In a study published this month in the medical journal The Lancet, researchers from the Memorial Sloan Kettering Cancer Center found that the rate of incidence of breast implant lymphoma may be significantly higher than anticipated. The findings come amid increasing concerns that the rare cancer may be widely under reported, and that many cases lack comprehensive follow-up.

Researchers conducted a prospective cohort study on more than 3,500 patients who underwent more than 6,000 breast reconstructions, mainly after breast cancer removal, from 1993 to 2017 using macro-textured surface implants. The median followup was seven years.

According to the findings, eight women developed BIA-ALCL after a median exposure of 11.2 years. This results in a rate of one case for every 443 women.

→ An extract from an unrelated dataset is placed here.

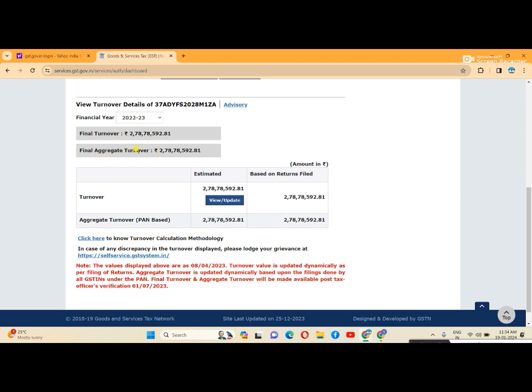For aggregate turnover, click on PAN-based. If you have one PAN number with different GST numbers for multiple businesses, you can click PAN-based to see the aggregate turnover across all your GST numbers.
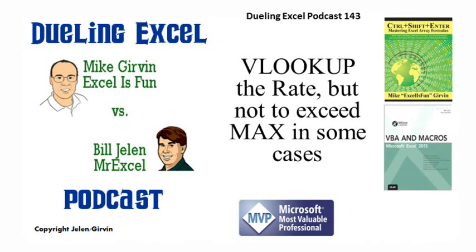Hey, welcome back. It's time for another Dueling Excel podcast. I'm Bill Jelen from MrExcel. We'll be joined by Mike Girvin from Excel is Fun. This is our episode 143, VLOOKUP the Rates, but not to exceed max in some cases.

Previous estimates of BIA-ALCL incidence ranged from 1-in-2,832 to 1-in-30,000 women developing the malignancy with textured breast implants.

“This study, the first to evaluate the risk of macrotextured breast implants from a prospective database with long term follow-up, demonstrates that the incidence rate of BIA-ALCL may be higher than previously reported,” the researchers concluded. “These results can help inform implant choice for women undergoing breast reconstruction.”

Breast Implant Cancer Risks

In the U.S., the FDA first released a report about case studies and epidemiological research that suggested there was a link between breast implants and ALCL in January 2011.

In 2017, the agency issued an updated statement about emerging information on the breast implant lymphoma problems, and a number of subsequent studies have confirmed that the breast implant ALCL cancer risk is real.

In June 2017, a study published in the medical journal Plastic and Reconstructive Surgery suggested that certain textured breast implants may increase the risk of anaplastic large cell lymphoma anywhere from 10 to 14 times, when compared to smooth breast implants.

In October 2017, a study published in the medical journal JAMA Surgery warned that many breast implant cancer cases worldwide have likely not been reported, and noted that doctors and patients may not be aware of BIA-ALCL.

In March 2018, the FDA indicated that it was aware of more than 400 cases of breast implant-related cancer. As more information becomes public about the breast implant cancer cases, experts have warned that the number of cases reported will likely increase significantly.

Last month, the FDA held a two-day hearing on breast implant safety and benefits, revealing that it has received tens of thousands of reports of breast implant complications.

Despite growing concerns, the panel of FDA advisers decided against recommending any breast implant recalls, indicating that it was too early to determine whether the risks were limited to specific breast implant designs.